# Example: Virtual Detector with Visualization in HyperSpy

An example how to process a pixelated STEM dataset from an HDFS filesystem. 

Prerequisites: 

 * a python3.6 virtualenv with all requirements installed
  * ``pip install -e .`` in your LiberTEM source dir
  * ``pip install hyperspy hyperspy_gui_ipywidgets hdfs3`` for additional dependencies
  * hdfs3 might need some care as it depends on libhdfs3 which needs to be built first...
 * a running HDFS installation (single node is fine)
 * a dataset imported onto the HDFS filesystem with the ``ingest`` prototype
  * example call: ``$ python ingest.py ~/Data/EMPAD/scan_11_x256_y256.emd experimental/science_data/data test/``
  * ``experimental/science_data/data`` is the path to the HDF5 DataSet that contains your data, ``test/`` is the destination on the Hadoop filesystem

In [1]:
%matplotlib nbagg

We disable threading in OpenBLAS because it would interfere with the dask multiprocessing and because OpenBLAS likes to call ``sched_yield`` for no discernable reason

In [2]:
import os
os.environ["OMP_NUM_THREADS"] = "1"
os.environ["OPENBLAS_NUM_THREADS"] = "1"

Import our dependencies.

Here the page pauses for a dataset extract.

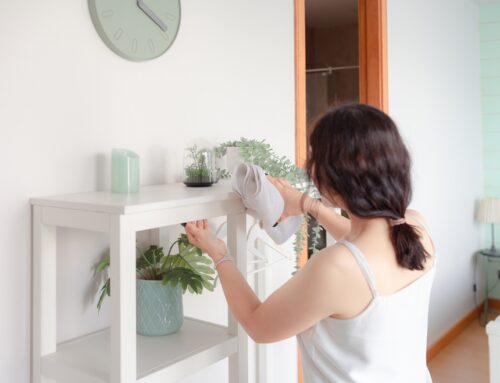 Tips from Avon’s Experts on Maintaining a Clean and Organized Home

There may be some warnings about ``hyperspy_gui_traitui`` and so on which can be safely ignored (you do need ``hyperspy_gui_ipywidgets`` though):

In [3]:
from libertem.dataset.hdfs import BinaryHDFSDataSet
from libertem.executor.dask import DaskJobExecutor
from libertem.job.masks import ApplyMasksJob
from libertem.utils import _make_circular_mask
import numpy as np
import hyperspy.api as hs
import matplotlib.pyplot as plt

  from ._conv import register_converters as _register_converters


Now onto our masks. Many problems in pixelated STEM can be solved by element-wise matrix multiplication and summation of a mask onto each frame, including virtual detector. Here we define some simple radial masks: 

In [4]:
masks=[
    # random noise for comparison
    np.random.randn(128, 128),
    
    # summation of all pixels:
    np.ones(shape=(128, 128)),
    
    # small radial mask at the center of the frame:
    np.ones(shape=(128, 128)) * _make_circular_mask(
        centerX=64, centerY=64,
        imageSizeX=128, imageSizeY=128, radius=15
    ),
    
    # large radial mask:
    np.ones(shape=(128, 128)) * _make_circular_mask(
        centerX=64, centerY=64,
        imageSizeX=128, imageSizeY=128, radius=50
    ),
    
    # ring, built from a large radial mask minus a smaller radial mask:
    np.ones(shape=(128, 128)) * (
        _make_circular_mask(
            centerX=64, centerY=64,
            imageSizeX=128, imageSizeY=128, radius=50
        ) &
        (~_make_circular_mask(
            centerX=64, centerY=64,
            imageSizeX=128, imageSizeY=128, radius=45
        ))
    ),
]

# visualize all masks:
for mask in masks:
    fig, axes = plt.subplots()
    axes.imshow(mask)

<IPython.core.display.Javascript object>

<IPython.core.display.Javascript object>

<IPython.core.display.Javascript object>

<IPython.core.display.Javascript object>

<IPython.core.display.Javascript object>

Here we define the ``stackheight``. It says how many frames we process at once. Our dataset has ``128×128`` frames at 8 bytes per pixel, so 8 frames are exactly 1 MB. As my laptop CPU has a L3 cache with a capacity of 8MB, using 4 threads means the working set fits into the L3 cache, even with room for about 32 masks.

In [5]:
stackheight = 8

Using ``BinaryHDFSDataSet`` we define the input dataset including parameters for connecting to the HDFS namenode, and the ``stackheight`` we set above. With ``ApplyMasksJob`` we define the operation we want to do on the dataset: apply masks. Finally, with ``DaskJobExecutor`` we define the execution environment - we want to use dask in this case, with a scheduler running on the local computer.

In [6]:
ds = BinaryHDFSDataSet(index_path="test/index.json", host='localhost', port=8020, stackheight=stackheight)
job = ApplyMasksJob(dataset=ds, masks=masks)  # if you want to test with just a single mask, pass masks[-1:] to select just the last one

executor = DaskJobExecutor.make_local(cluster_kwargs={})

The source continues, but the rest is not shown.